▶
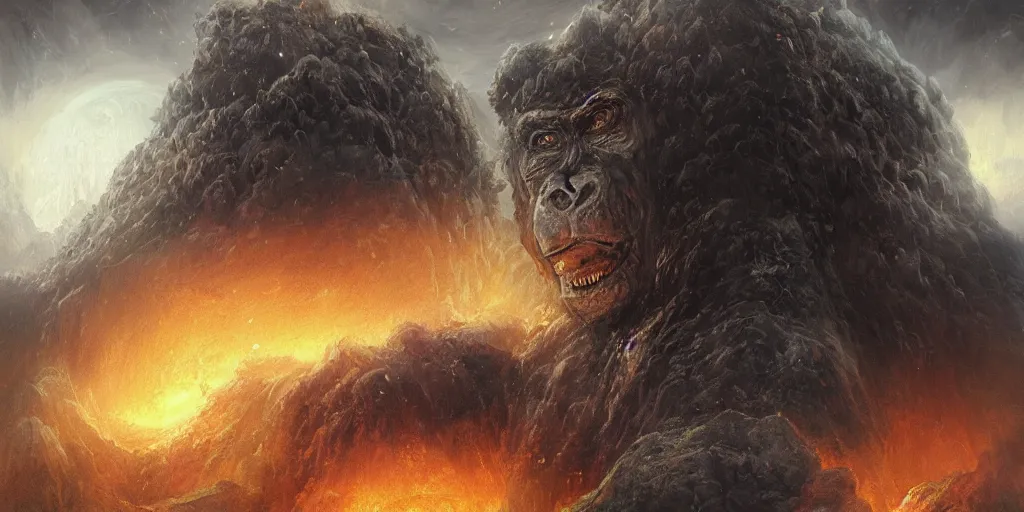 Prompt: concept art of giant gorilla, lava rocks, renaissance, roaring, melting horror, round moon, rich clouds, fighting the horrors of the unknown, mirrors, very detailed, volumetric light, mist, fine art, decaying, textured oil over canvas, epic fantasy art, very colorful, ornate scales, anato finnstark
◀
▶
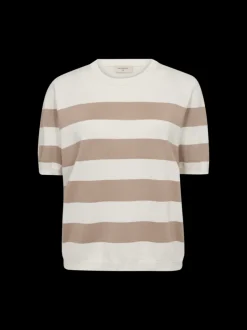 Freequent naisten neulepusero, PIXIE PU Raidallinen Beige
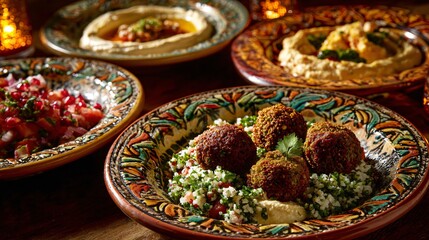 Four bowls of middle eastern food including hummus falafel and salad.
◀
▶
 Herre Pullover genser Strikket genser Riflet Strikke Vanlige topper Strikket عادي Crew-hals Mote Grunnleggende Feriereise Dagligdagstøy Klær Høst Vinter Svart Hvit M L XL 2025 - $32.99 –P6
◀
- [DIRECTIONS]: From the data above, return exactly the lines from the one with "Freequent naisten neulepusero, PIXIE" up to and including the one with "Four bowls of". Pictures do not go in the copy.

- [SOLUTION TO THE PROBLEM]:
 Freequent naisten neulepusero, PIXIE PU Raidallinen Beige
 Four bowls of middle eastern food including hummus falafel and salad.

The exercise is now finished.